-- WORK TO COMPLETE --
If a line in the data holds the string "Black", list it.

(SUPPLIED INFORMATION begins)

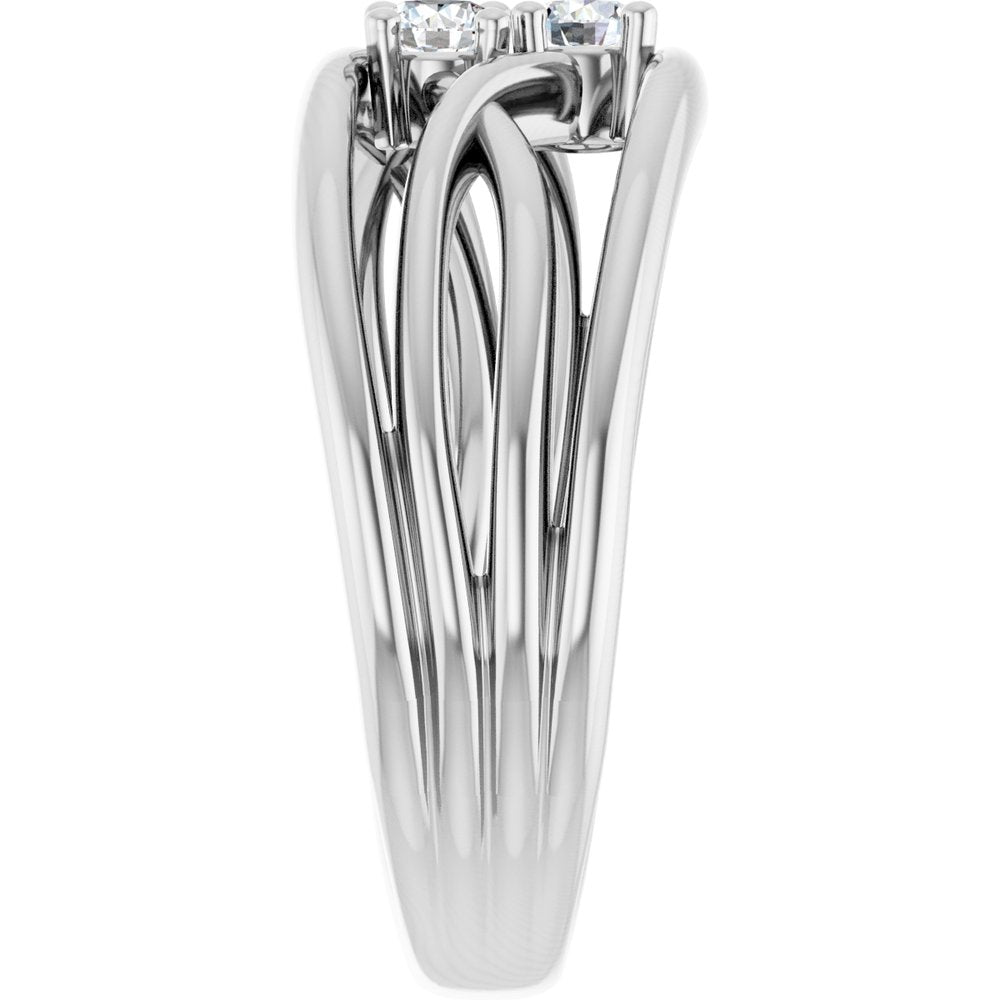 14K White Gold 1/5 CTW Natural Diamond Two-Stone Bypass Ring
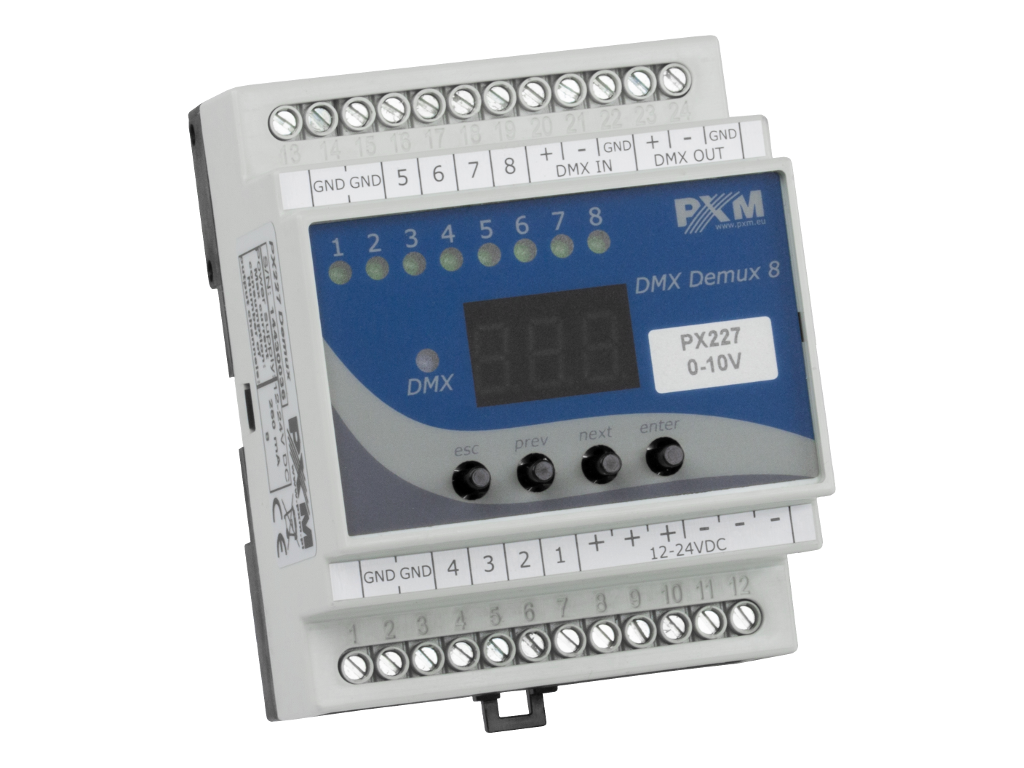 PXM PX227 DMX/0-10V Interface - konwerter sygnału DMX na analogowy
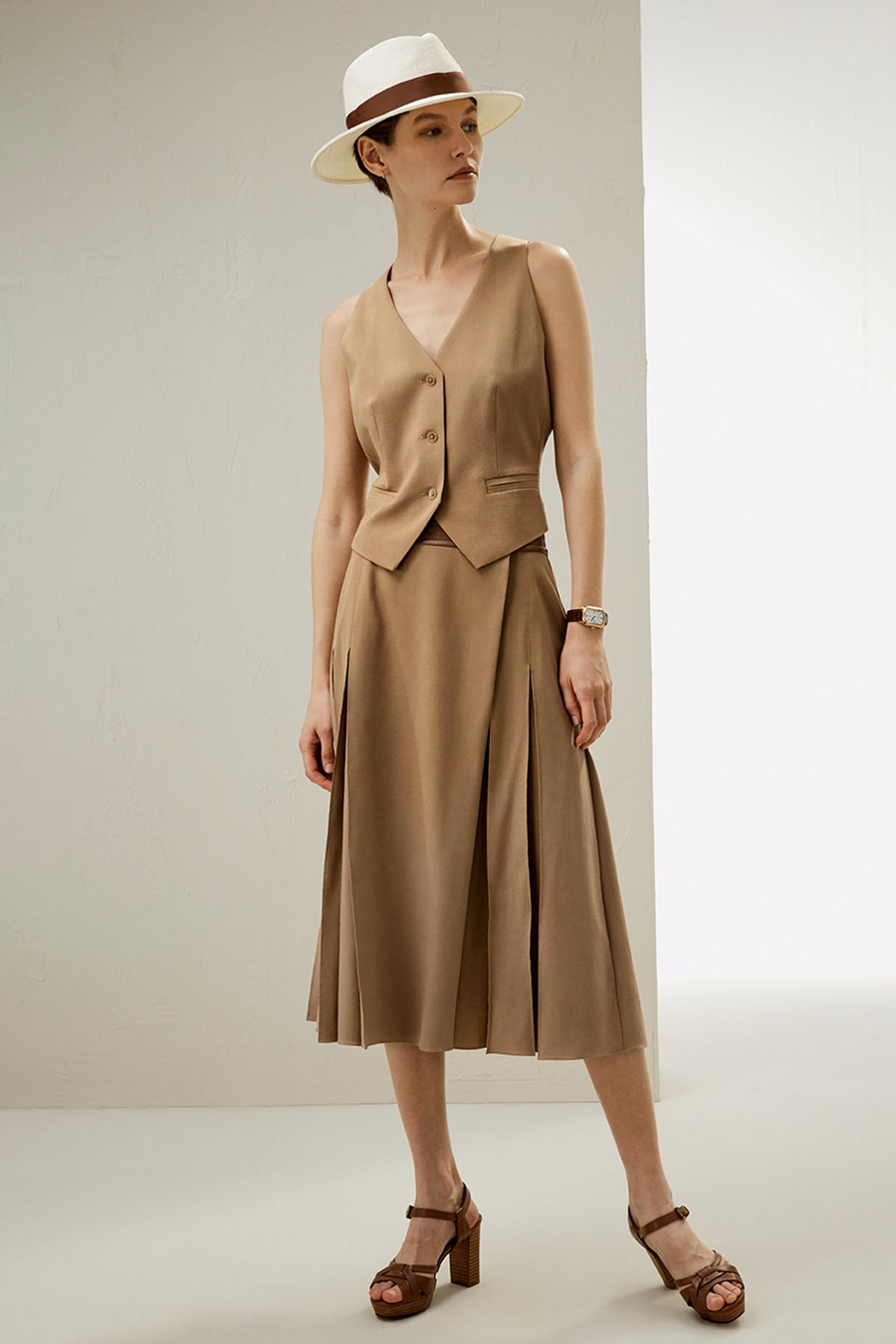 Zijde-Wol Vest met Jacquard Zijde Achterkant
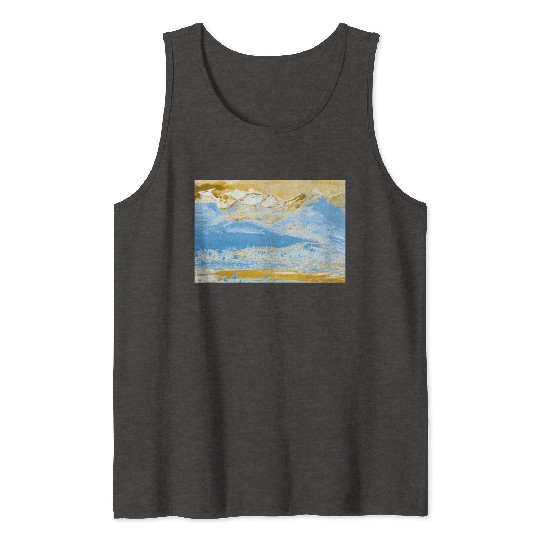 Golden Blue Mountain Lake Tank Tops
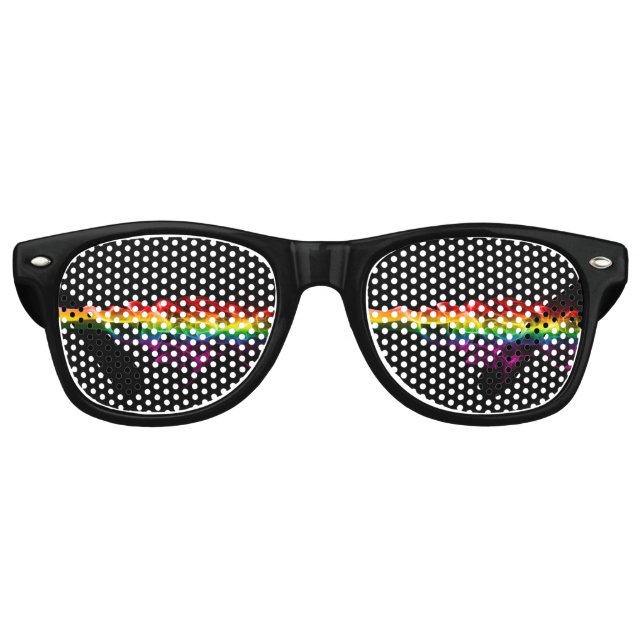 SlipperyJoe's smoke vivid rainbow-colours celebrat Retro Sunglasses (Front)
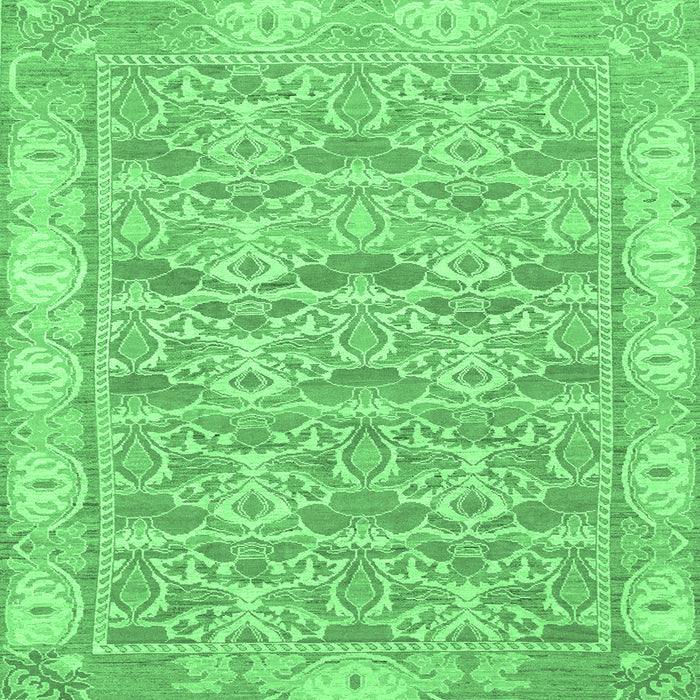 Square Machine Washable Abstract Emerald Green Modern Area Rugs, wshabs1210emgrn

(SUPPLIED INFORMATION ends)
(SUPPLIED INFORMATION begins)

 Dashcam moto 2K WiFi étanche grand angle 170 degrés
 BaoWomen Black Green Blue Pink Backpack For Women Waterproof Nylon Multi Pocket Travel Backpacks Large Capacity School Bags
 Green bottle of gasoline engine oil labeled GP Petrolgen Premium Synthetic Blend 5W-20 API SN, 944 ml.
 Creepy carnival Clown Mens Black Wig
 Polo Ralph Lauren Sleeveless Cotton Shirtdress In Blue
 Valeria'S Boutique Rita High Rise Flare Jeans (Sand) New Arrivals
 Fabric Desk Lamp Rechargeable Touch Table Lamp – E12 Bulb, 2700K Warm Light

(SUPPLIED INFORMATION ends)
(SUPPLIED INFORMATION begins)

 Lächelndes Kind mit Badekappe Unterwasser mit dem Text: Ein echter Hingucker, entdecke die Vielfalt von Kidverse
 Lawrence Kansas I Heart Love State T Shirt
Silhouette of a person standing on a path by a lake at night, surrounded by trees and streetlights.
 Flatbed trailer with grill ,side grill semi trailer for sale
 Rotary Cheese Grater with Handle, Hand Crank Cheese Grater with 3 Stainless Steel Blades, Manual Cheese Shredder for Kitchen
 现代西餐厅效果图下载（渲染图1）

(SUPPLIED INFORMATION ends)

-- SOLUTION FOR THIS TASK --
 BaoWomen Black Green Blue Pink Backpack For Women Waterproof Nylon Multi Pocket Travel Backpacks Large Capacity School Bags
 Creepy carnival Clown Mens Black Wig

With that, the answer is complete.